Un carême bourgeois

Une adolescente dialogue avec sa mère. Elle va faire carême et veut à travers la privation retrouver la profondeur de la quête spirituelle. Sa mère lui rappelle que le dimanche ce n’est pas carême. Et la fille de rétorquer, « oh ça va avec ton carême bourgeois, tu crois que Jésus ne faisait pas carême le dimanche… » La jeunesse nous invite souvent, (nonobstant les nuances dans ce que nous avons à vivre), à une radicalité qui ne s’accommode pas des petits arrangements (et qui rendent les entorses si délicieuses). Les comparaisons clash rappellent la recherche du sens, et la soif de vérité dans nos engagements. Pas un iota ne sera retiré de la Loi nous partage Jésus. Vivre notre foi, c’est habiter la confiance, et rester fidèle quoiqu’il arrive. Persévérer dans cette fidélité, et respecter l’alliance où Dieu est toujours présent.
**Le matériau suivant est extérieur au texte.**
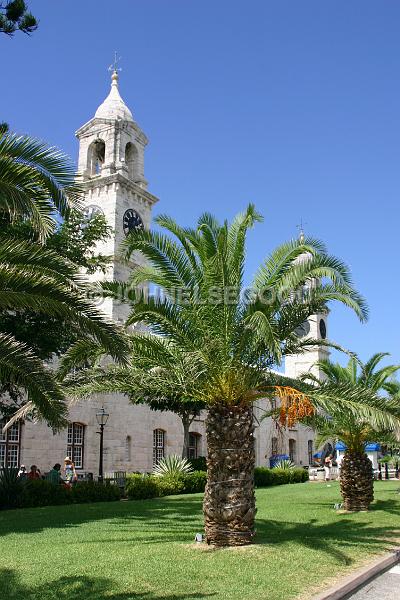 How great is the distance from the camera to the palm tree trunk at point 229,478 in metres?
10.0

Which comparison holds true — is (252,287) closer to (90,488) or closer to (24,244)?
(24,244)

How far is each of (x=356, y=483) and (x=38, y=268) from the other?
11.8 metres

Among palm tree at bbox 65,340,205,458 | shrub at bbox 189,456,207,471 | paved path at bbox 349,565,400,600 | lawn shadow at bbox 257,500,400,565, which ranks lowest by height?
paved path at bbox 349,565,400,600

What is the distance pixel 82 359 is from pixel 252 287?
12.2 ft

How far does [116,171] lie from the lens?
38500 millimetres

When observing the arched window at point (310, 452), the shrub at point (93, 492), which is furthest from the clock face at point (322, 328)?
the shrub at point (93, 492)

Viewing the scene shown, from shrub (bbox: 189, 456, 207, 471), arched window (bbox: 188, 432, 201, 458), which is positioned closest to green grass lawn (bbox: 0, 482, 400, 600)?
shrub (bbox: 189, 456, 207, 471)

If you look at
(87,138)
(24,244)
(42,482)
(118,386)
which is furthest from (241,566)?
(87,138)

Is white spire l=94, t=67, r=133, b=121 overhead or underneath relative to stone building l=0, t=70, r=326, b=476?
overhead

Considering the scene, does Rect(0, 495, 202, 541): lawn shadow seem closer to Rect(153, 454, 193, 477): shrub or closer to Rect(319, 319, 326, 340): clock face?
Rect(153, 454, 193, 477): shrub

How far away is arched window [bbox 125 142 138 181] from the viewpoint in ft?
133

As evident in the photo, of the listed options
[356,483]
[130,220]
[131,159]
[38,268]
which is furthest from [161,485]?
[131,159]

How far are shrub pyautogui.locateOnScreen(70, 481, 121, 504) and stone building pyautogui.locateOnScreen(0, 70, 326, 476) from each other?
26.5ft

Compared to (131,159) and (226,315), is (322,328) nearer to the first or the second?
(131,159) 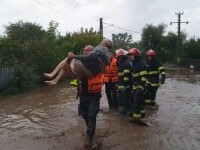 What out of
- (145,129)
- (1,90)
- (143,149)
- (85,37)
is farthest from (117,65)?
(85,37)

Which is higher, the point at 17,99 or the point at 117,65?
the point at 117,65

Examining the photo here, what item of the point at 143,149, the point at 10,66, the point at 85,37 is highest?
the point at 85,37

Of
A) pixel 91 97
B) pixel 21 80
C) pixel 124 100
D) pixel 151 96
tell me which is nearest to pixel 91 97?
pixel 91 97

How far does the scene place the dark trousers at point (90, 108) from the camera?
325 inches

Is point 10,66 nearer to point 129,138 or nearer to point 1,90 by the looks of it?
point 1,90

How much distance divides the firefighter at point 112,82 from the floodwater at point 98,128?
1.15 feet

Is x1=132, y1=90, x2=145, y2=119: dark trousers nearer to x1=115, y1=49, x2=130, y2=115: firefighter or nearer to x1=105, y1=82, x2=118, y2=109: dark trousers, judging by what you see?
x1=115, y1=49, x2=130, y2=115: firefighter

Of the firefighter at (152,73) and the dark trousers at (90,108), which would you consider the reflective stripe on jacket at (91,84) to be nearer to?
the dark trousers at (90,108)

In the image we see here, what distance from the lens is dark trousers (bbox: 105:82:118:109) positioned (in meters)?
13.0

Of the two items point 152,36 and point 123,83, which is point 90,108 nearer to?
point 123,83

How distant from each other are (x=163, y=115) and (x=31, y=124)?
3.96 m

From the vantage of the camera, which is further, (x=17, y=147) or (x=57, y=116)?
(x=57, y=116)

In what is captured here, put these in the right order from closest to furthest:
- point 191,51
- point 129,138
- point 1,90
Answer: point 129,138, point 1,90, point 191,51

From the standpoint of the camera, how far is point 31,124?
11008mm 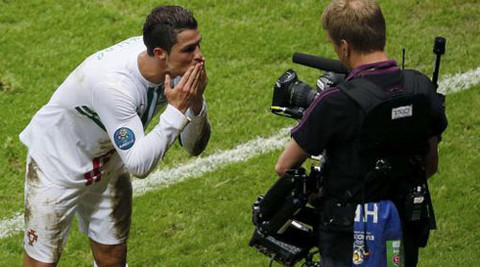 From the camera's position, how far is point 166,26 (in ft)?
18.6

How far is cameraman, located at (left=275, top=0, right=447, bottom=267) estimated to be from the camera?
5.02 meters

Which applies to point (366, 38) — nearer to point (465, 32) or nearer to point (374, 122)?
point (374, 122)

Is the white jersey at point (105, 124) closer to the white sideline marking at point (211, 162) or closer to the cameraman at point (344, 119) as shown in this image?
the cameraman at point (344, 119)

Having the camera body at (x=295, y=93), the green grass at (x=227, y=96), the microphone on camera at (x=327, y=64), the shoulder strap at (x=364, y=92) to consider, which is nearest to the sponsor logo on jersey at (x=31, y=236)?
the green grass at (x=227, y=96)

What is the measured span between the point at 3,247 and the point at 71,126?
1665mm

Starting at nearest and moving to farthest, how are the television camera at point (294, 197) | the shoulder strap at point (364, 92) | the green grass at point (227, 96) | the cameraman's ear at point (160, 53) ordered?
the shoulder strap at point (364, 92)
the television camera at point (294, 197)
the cameraman's ear at point (160, 53)
the green grass at point (227, 96)

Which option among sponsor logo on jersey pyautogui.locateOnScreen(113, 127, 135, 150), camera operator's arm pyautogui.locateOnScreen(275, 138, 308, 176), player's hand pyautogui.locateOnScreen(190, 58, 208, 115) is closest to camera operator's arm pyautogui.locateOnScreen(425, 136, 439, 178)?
camera operator's arm pyautogui.locateOnScreen(275, 138, 308, 176)

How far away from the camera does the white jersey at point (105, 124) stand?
563 cm

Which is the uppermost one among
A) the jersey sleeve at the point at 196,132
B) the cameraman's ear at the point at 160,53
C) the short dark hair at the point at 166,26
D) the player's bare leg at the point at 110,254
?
the short dark hair at the point at 166,26

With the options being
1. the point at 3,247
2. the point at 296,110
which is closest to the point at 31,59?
the point at 3,247

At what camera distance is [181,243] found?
7.42m

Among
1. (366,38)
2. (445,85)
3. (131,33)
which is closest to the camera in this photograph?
(366,38)

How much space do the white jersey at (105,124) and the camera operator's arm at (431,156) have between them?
117 centimetres

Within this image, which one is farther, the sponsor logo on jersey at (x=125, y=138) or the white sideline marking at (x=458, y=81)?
the white sideline marking at (x=458, y=81) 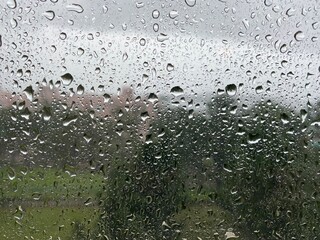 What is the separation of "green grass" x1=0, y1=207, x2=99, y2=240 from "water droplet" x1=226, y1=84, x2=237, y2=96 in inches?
15.9

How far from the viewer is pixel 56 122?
80 centimetres

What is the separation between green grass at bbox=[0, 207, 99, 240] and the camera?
0.79 m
Il en va de notre foi comme de notre engagement au cœur de la cité. Les élections européennes approchent, et pourtant nous n’avons pas à avoir une mentalité de parti mais à bien poser les problématiques qui concernent l’Europe. La Cours Européenne des Droits de l’Homme (la CEDH) est une chambre d’enregistrement des avancées en bioéthique, notamment pour la GPA et la PMA obligeant presque les états à valider des positions refusées par les parlementaires et la population. Que dire du débat sur la théorie du genre qui mine toute l’anthropologie chrétienne, dans une volonté de rendre équivalentes l’homosexualité, la transsexualité et la sexualité qui accueille de manière responsable l’altérité d’un homme et d’une femme. Il nous faut donc voter, et éviter de nous abstenir ou de voter blanc, mais bien de nous engager, pour un moindre mal. « Comme l’agir moral de l’individu se réalise en faisant le bien, de même l’agir social parvient à sa plénitude en accomplissant le bien commun »&164 CDSE. Dans le vote nous devons aussi témoigner de notre confiance devant Dieu et dans le secret d’une recherche de communion entre les hommes.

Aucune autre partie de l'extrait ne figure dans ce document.